Shockwave Therapy is the application of shock waves in medicine. This is used on chronic tendon pain and is clinically proven to:
- Reduce pain felt by the nerve fibers,
- Increase circulation of blood into the surrounding soft tissues,
- Begin the healing process triggered by stem cell activation.
What creates the Shockwave?
The hand held piece of the kit has a small projectile that shoots back and forth within a cavity hitting a fixed applicator. The kinetic energy is converted into a shockwave that is delivered to the target through the skin.
Is Shockwave Therapy right for me?
Shockwave is perfect for you if you have been suffering with pain for longer than 3 months. The most common areas in which we treat with this are:
- Plantar Fasciitis: This is a condition that affects 1 in 10 of us during our lifetime. Most people experience pain on the inside of the heel but it can radiate up into the arch of the foot. Pain is often worse in the morning or after periods of rest.
- Achilles Tendinopathy: The Achilles tendon is the combination of tendons of the soleus, gastrocnemius and plantaris muscles and connects these muscles to the back of the heel. We are able to apply shock wave to the insertional point and mid-portion of the Achilles tendon.
What can I expect at my appointment?
An initial appointment one of our HCPC registered Podiatrists will assess and diagnose the cause of your pain. If this condition is something that responds well to treatment with Shockwaves, then this will be discussed and a treatment plan drawn out. This usually includes loading and stretching programs, and possible intervention of an orthoses.
If Shockwave Therapy is suitable for you, we will mark the area in which the treatment will be performed. We will also apply gel to the area to improve contact between your skin and the device. Once the treatment has begun you will be aware of a strange sensation which can be uncomfortable to start with. This then eases as the treatment continues.
A shockwave session can last between 5-10 minutes per area treated.
How many treatments will I need?
This will vary between patients and how long the injury has presented for. The evidence so far suggests that between 3 to 6 treatments will be needed to resolve the problem, depending on the person.
Will I be in pain after the treatment?
You will normally experience a reduced level of pain – or no pain at all – immediately after the treatment, but a mild and diffused pain may occur a few hours later. This dull pain can last for a day or so.

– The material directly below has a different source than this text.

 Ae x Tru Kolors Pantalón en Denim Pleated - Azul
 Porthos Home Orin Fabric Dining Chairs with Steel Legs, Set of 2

Even if you have no pain, we strongly recommend that you refrain from intensive activities that stress the treated area for the next 48 hours after each treatment.
What shall I do if I am in pain after the treatment?
Shockwave Therapy initiates a proflammatory condition in the tissue that is being treated. If necessary you may use ordinary prescription-free pain killers. Do not use anti-inflammatory medication and do not use ice on the treated area as both will interfere with the body’s self healing abilities.
What is the success rate of Shockwave Therapy?
Documented international results show an overall success rate of 77% in chronic conditions that have not been cured with other kinds of treatment. It is important to highlight that we would expect positive clinical outcomes following treatment, however there is a chance that the treatment may not improve your symptoms.
A review at 12 weeks is recommended following your final treatment. If at this stage your symptoms persist, you will be advised of alternative treatments/surgery by your Podiatrist.
Are there any contraindications or precautions that I should be aware of?
YES: Cortisone injections are not to be administered within the last 11 weeks prior to Shockwave Therapy treatment. Sometimes there may be some bruising and haemorrhaging tendencies and coagulation system disturbances. As such if you are on warfarin or other anti-coagulant therapies please notify your Podiatrist. If you have a cardiac pacemaker please notify your clinician prior to treatment as Shockwave Therapy may interfere with this.